+++ Stored data
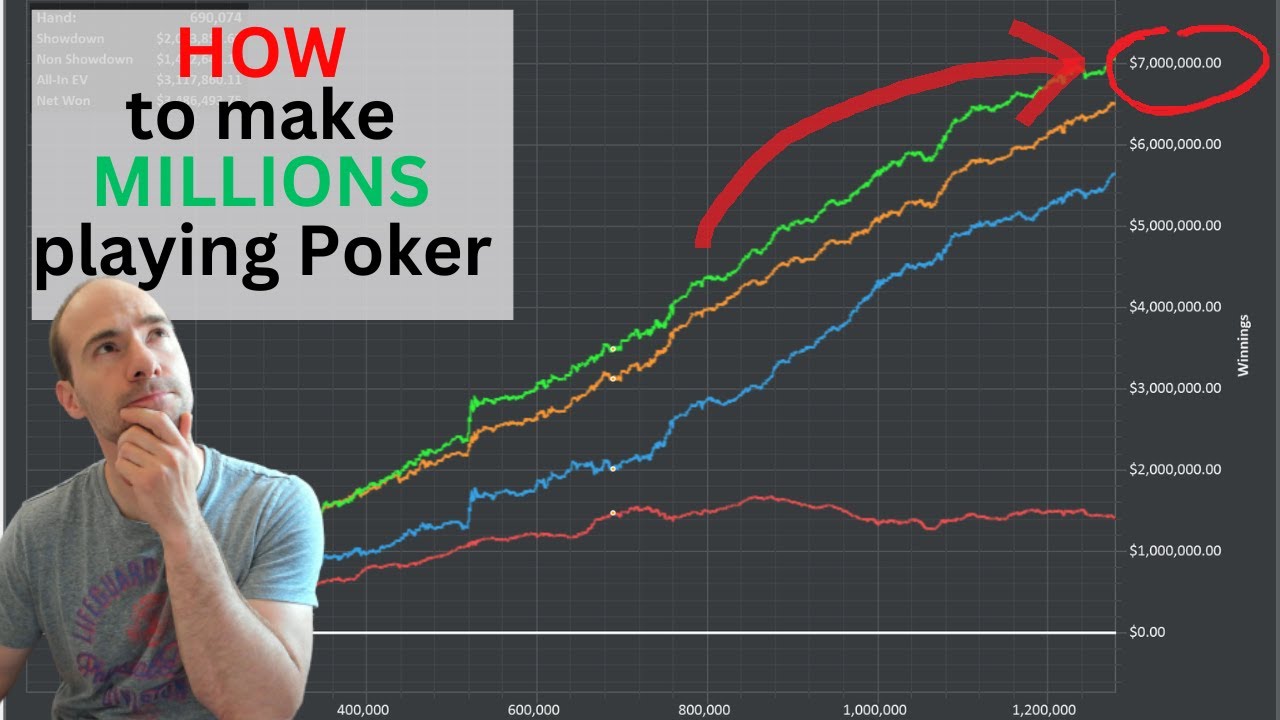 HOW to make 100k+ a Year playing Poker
++++++
+++ Stored data
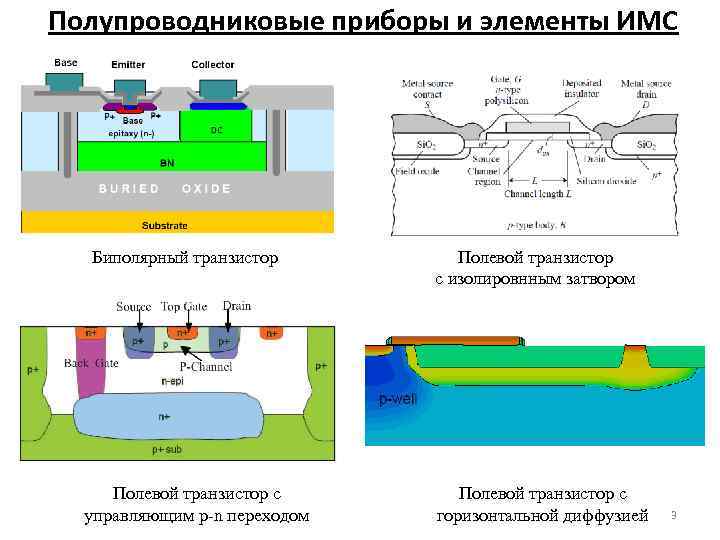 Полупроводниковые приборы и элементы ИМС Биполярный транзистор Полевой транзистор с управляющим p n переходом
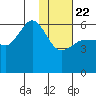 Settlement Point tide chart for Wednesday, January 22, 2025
++++++
### [Task statement]
The lines to reproduce run from the one above containing "Полупроводниковые приборы и" through the one containing "Settlement Point tide". Copy them exactly and leave out all pictures.

### [Response to the task]
 Полупроводниковые приборы и элементы ИМС Биполярный транзистор Полевой транзистор с управляющим p n переходом
 Settlement Point tide chart for Wednesday, January 22, 2025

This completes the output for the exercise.